Sementara itu di negeri Mandura nampak Prabu Baladewa sang Penguasa Daerah Mandura (baca: PDM) tengah dihadap Patih Pragota dan Raden Setyaki. Mereka tengah melaporkan bahwa pembangunan proyek yang dilakukan oleh Dewi Haknyanawati telah melanggar wilayah Mandura. Proyek yang dilaksanakan oleh Patih Pancatnyana itu telah merusak komplek pemakaman Astana Gadamadana. Makam para leluhur negeri Mandura. Patih Pragota dan Setyaki nampak serius menyoroti proyek ngawur tersebut. Akan tetapi Prabu Baladewa sebagai ketua PDM nampak pilon, ndak kuasa mencegah, apalagi sekedar mengingatkan saja.
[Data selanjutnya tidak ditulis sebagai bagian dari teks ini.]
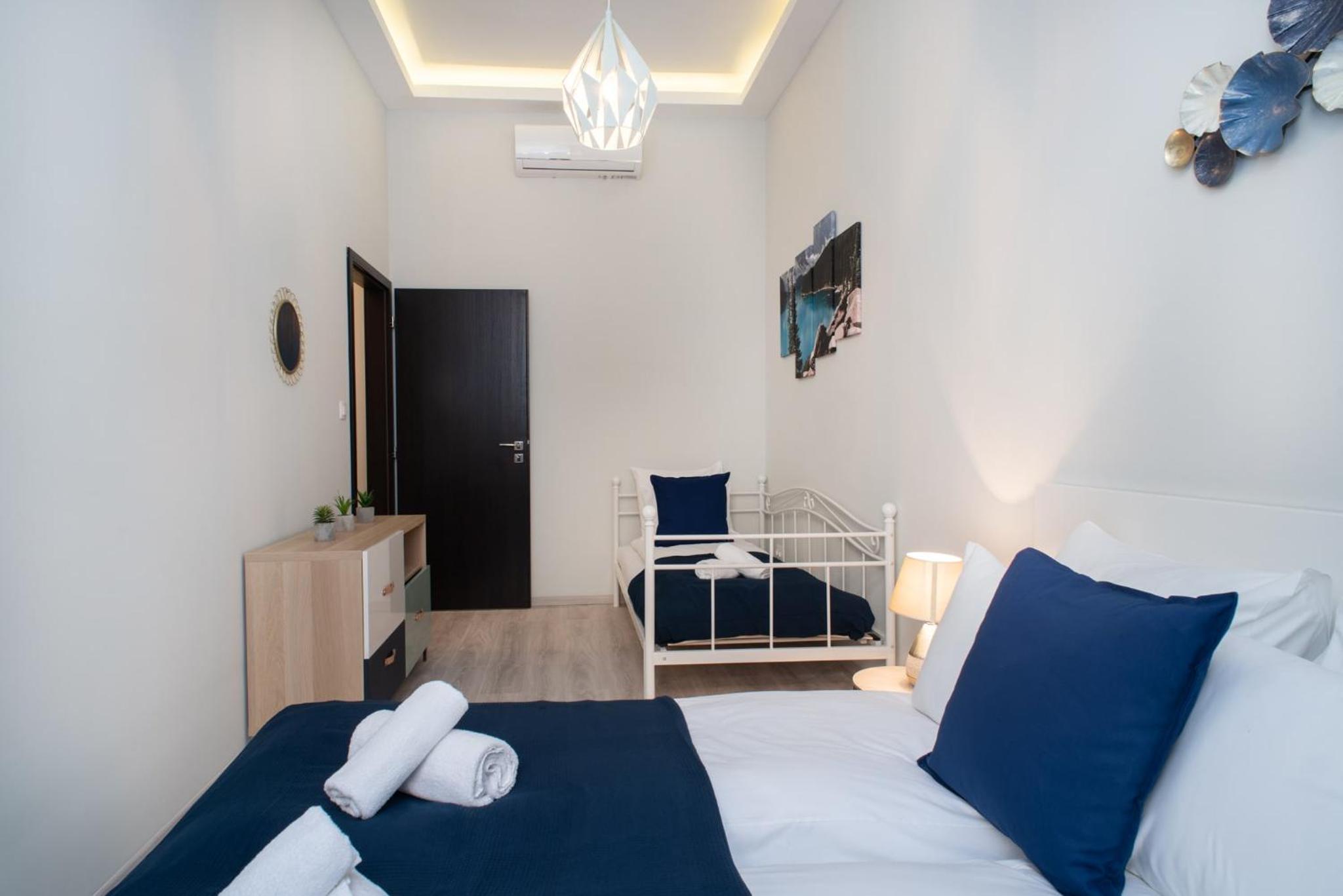 Very central NEW and large AC apartment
Padahal dia itu terkenal singa panggung yang selalu mudah marah , mengumpat dan menghina di atas podium siapa saja yang nggak disenangi. Tapi kala ia berhadapan langsung dengan saingan politiknya seperti Prabu Kresna, dia mati kutu. Dia kehilangan kata-kata, hilang sifat kepemimpinnya, hilang kebijaksanaannya, hilang kedewasaannya, nggak tegas, dan nggak pemarah lagi. Barangkali semua itu terpengaruh istrinya, Dewi Erawati yang sok keminter, sok kuasa, dan nggak pernah tersenyum dan ramah kepada orang lain. Sehingga kepekaan kepemimpinannya musnah.

Tak terasa negeri Mandura dan juga negeri Trajutrisna sedang digerogoti oleh benalu yang sejatinya. Kini negeri itu tinggal menunggu menjadi negeri yang hancur, meninggalkan puing-puing kemegahan yang telah lama dibangun oleh para leluhur negeri Mandura. Sementara para pejabat telah terlena dengan kemegahan semu. Mereka tergiur oleh proyek-proyek mercusuar, sekedar untuk mencari profit, pujian, dan melanggengkan kekuasaan , serta untuk menutupi pemerintahan yang carut-marut.
Tidak jauh dari sana nampak makelar-makelar jabatan PNS gentayangan menawarkan kenikmatan jabatan. Tak terkecuali pemerintah daerah yang getol menyuarakan pemerintahan yang bersih, ternyata nggak susuai dengan kenyataan. Para calon kepala sekolah bercerita kalau sekarang ini banyak makelar yang menawarkan jasa jabatan. Mereka berasal dari pusat kekuasaan. Wah !!!!